Мыс Бурь - Нина Берберова
Шрифт:
Интервал:
Закладка:
Пустая кровать наводила на Зай грусть, и она потушила свет, чтобы ее не видеть. Штору она забыла задернуть, и белый луч близкого уличного фонаря упал в комнату. Она заметила вдруг, что тишина состоит из какого-то шепота: это шел дождь за окном, не шумный зимний дождь, но шепчущий, шелестящий, уже почти весенний. Он шептал, он подсказывал, он говорил что-то, бегая по стеклу окна, вздыхая по карнизам, заодно с ветром. И это звучало шорохом, приглушенным шелестением, как «отченаш» в глубокой ночи, в доме, где все уже спали, и Зай закрылась с головой одеялом, чтобы его не слышать.
Глава тринадцатая
Тетрадь Сони ТягинойВ течение многих лет мне снился время от времени один и тот же сон. Началось это очень давно, возможно, лет с десяти. Приблизительно один раз в два-три года я видела себя на рельсах, со связанными руками и ногами, я была привязана к какой-то доске, и она мерно катилась на колесиках. Я катилась с тихим жужжаньем в желто-сером густом тумане, неподвижная, с неподвижным лицом, а впереди были рельсы, прямые, бесконечные. И вот из тумана навстречу мне начинали выныривать, тоже на рельсах, и тоже связанные, и тоже куда-то скользящие, такие же неподвижные куклы, в точности похожие на меня. Жужжание делалось непрерывным, туман окрашивал все вокруг в серо-желтый цвет. Мое напряжение росло, делалось все сильнее, пространство и время становились похожими друг на друга. И когда невозможно было вынести больше этих рельс, этой немоты, этого жужжания, я просыпалась. И некоторое время наяву еще продолжалось невыносимое чувство нераздельности двух стихий.

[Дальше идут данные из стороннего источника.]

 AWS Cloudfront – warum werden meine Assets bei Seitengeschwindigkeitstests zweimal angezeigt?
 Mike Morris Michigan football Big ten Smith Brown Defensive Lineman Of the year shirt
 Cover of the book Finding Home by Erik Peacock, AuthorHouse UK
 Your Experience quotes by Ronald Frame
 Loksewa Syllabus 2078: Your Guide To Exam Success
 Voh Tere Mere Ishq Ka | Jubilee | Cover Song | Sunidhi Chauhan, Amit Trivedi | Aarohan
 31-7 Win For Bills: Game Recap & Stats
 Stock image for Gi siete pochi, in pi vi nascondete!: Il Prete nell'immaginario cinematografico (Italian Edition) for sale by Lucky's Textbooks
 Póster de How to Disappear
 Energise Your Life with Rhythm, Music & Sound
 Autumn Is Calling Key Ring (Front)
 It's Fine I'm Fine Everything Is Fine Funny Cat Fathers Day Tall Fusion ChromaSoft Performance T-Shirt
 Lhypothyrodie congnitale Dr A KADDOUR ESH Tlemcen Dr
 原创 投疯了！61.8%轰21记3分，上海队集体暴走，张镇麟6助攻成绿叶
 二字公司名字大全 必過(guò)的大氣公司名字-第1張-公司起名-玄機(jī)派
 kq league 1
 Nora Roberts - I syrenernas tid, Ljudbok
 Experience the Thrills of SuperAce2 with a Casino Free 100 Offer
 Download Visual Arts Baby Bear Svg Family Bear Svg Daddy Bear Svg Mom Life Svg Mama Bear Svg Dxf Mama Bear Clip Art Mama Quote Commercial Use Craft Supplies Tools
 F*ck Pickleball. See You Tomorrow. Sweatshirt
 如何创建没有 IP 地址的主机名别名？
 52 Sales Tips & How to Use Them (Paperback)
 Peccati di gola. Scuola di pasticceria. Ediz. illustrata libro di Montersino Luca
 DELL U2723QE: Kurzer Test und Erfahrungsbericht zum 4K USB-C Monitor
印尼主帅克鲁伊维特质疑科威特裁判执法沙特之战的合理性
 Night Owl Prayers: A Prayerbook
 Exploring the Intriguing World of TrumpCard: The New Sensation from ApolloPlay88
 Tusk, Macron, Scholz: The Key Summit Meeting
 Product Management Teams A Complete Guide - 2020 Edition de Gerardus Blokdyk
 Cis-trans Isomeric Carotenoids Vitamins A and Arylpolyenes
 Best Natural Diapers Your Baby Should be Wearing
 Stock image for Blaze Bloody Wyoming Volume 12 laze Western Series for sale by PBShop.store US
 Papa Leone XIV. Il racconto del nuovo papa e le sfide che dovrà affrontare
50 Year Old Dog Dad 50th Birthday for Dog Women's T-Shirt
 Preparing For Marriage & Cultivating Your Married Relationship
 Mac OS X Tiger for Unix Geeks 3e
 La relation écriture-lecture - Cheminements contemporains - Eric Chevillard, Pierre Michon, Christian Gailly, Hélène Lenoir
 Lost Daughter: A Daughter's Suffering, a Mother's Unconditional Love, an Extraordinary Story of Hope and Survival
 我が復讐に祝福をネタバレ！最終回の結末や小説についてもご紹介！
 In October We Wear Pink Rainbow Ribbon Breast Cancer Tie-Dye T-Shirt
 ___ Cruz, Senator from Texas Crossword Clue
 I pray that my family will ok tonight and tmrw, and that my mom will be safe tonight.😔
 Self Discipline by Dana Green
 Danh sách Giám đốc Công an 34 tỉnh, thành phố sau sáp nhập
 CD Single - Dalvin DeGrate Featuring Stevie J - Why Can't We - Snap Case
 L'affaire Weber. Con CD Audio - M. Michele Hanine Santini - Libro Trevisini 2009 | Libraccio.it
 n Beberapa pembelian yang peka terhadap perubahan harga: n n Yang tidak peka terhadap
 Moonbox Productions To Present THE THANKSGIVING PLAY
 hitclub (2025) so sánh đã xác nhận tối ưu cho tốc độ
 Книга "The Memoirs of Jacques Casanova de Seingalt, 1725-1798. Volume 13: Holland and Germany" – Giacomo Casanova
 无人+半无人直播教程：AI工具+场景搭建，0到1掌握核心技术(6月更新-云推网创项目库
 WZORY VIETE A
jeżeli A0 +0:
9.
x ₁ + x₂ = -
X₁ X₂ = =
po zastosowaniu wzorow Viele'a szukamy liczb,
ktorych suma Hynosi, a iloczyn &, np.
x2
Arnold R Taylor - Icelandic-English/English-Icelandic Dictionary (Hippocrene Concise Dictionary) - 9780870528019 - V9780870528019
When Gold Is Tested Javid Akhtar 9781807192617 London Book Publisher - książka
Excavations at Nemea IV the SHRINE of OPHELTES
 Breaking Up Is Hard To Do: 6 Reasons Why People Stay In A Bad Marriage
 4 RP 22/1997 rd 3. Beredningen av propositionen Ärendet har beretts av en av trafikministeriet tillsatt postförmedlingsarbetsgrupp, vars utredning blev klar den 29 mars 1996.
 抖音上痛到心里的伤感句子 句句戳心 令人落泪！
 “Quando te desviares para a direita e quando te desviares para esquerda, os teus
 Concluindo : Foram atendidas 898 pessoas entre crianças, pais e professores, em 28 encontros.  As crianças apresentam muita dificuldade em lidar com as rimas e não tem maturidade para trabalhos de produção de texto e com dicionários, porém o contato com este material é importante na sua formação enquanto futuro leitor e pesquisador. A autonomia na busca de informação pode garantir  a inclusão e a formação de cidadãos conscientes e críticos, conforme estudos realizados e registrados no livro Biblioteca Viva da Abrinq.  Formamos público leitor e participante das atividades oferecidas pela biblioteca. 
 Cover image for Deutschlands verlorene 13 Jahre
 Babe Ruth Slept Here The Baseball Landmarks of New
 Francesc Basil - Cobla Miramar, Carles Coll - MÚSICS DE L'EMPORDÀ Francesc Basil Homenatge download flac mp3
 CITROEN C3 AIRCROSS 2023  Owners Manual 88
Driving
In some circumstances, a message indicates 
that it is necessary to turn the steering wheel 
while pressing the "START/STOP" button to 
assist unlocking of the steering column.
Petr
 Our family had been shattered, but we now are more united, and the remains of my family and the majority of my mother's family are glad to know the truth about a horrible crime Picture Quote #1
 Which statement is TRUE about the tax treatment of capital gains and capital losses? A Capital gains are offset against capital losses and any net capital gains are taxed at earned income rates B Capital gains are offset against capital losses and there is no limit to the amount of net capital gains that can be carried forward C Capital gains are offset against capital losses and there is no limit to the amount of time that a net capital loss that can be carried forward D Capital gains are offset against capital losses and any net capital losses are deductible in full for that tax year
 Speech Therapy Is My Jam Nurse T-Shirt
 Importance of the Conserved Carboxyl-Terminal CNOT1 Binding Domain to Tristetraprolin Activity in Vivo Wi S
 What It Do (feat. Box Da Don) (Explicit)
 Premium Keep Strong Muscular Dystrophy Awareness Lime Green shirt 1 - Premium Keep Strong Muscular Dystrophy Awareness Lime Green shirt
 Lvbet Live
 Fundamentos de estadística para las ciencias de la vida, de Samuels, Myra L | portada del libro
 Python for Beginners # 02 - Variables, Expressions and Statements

В последние годы этот сон возвращался все реже. И вот уже давно его не было, и у меня, которая относилась к нему как к обыкновенному кошмару, появилось желание, чтобы он возник вновь. А между тем чувство одиночества, смерти, ужаса в нем было почти непереносимым, и ощущение слияния пространства и времени было свыше моих человеческих возможностей; и я знаю, что в этом сне неслись на меня какие-то сильнейшие элементы моего разрушения. Но страх, что я никогда, быть может, больше не испытаю этого кошмара, давит меня больше, чем самый кошмар.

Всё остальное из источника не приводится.